I made it for my family dinner. I have caramelized onions according to your recipe, they turn out wonderfully.
Thank you for all the beautiful photos and vegan recipes.
    Ania
    Ania:
    Aw thank you Monia, that is so lovely to hear that this has gone down so well with you and your family! Thank you for taking the time to review - I so appreciate it. Ania
Michael Gallaher:
wonderful flavors.
I'm at 73, not vegan. I'm just not. But life is all about the flavors and healthy living is for all of us.
    Ania
    Ania:
    Glad you enjoyed this dish, Michael! As far as I am concerned vegan food is simply food, it just happens to be based entirely on plant-derived products.
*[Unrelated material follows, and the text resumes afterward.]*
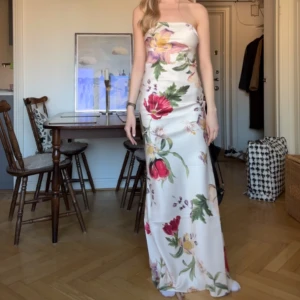 Blommig långklänning - Nypris ca 1300kr 💓🌷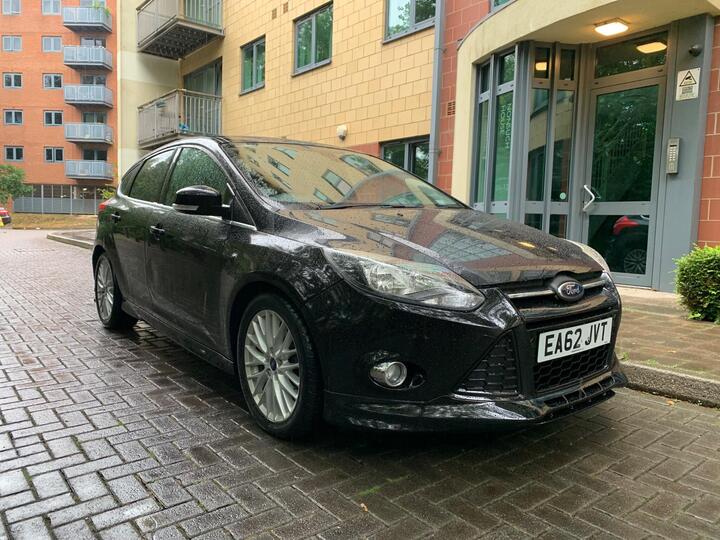 Ford Focus 1.0T EcoBoost Zetec S Euro 5 (s/s) 5dr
Media tries to pit vegans and non vegans against each other, but I think we should all just eat the food that aligns with our values, health goals and ecological concerns. Ania
Fredrico:
A wonderful recipe that is both light tasting and hearty at the same time. I honestly would never have thought to add milk to the beans, but wow, the results certainly speak for themselves! This represents a new favourite way of cooking white kidney beans for me.
    Ania
    Ania:
    Thanks Fredrico, I am delighted to hear that you enjoyed this dish so much and that's become your new favourite way to cook beans - so nice to hear that! Ania
Debbie:
Can you freeze this soup?
    Ania
    Ania:
    It's a stew rather than a soup but sure, you can and yes, you can add more liquid to make it more soup-like. I recommend freezing it without the toppings (pan-fried sausage, chutney, rosemary oil), of course. Hope you'll enjoy it. Ania
Kitty:
I love this recipe's basics -- all I do is make the beans with onions and seasoning, almond milk, nutritional yeast and let it boil and then simmer. I use Field Roast Italian fennel vegan aausages. I serve with a brilliant onion chutney. my partner and I love it at least once a week. I had it last night and tonight. I can only imagine all the extra seasoning and flavoring of the recipes next steps will make it a very delicious meal of mostly beans!
    Ania
    Ania:
    Thank you, Kitty! That's great to hear. It was my aim to come up with something healthy, nourishing and no-hassle so that it can be made at short notice so I am delighted to hear that you and your partner enjoyed it too. x Ania
Tom:
This was a super yum and easy recipe. I grilled some sourdough drizzled with olive oil which I thought worked really well, it gave a lovely contrast in texture and made the meal more substantial.
    Ania
    Ania:
    Thank you Tom, so chuffed to hear that you enjoyed it AND found it easy to make. I agree, sourdough is a perfect match! x Ania
Sue:
This looks absolutely delicious; right up my alley! thanks Ania
    Ania
    Ania:
    Thanks Sue, I am delighted to hear that and I hope you'll enjoy it! x Ania
marti:
you mention an ingredient [balsamic onion chutney] with neither a suggestion as to where to buy it or how to make it. that's truly frustrating since i was interested in making this recipe and i believe that the dish will seriously suffer without this main ingredient. what a waste!
    Ania
    Ania:
    I am not sure which country you live in, but here (in the UK) it's a supermarket staple. I used this one from Morrison's. You could make your own balsamic onions but it's a lot of extra work, alternatively a drizzle of balsamic reduction will also work beautifully. Hope this helps! x Ania
Tamara:
This sounds quite delicious and I'm anxious to try it. But I was wondering if you used store bought balsamic onion chutney? A recipe for homemade would be wonderful!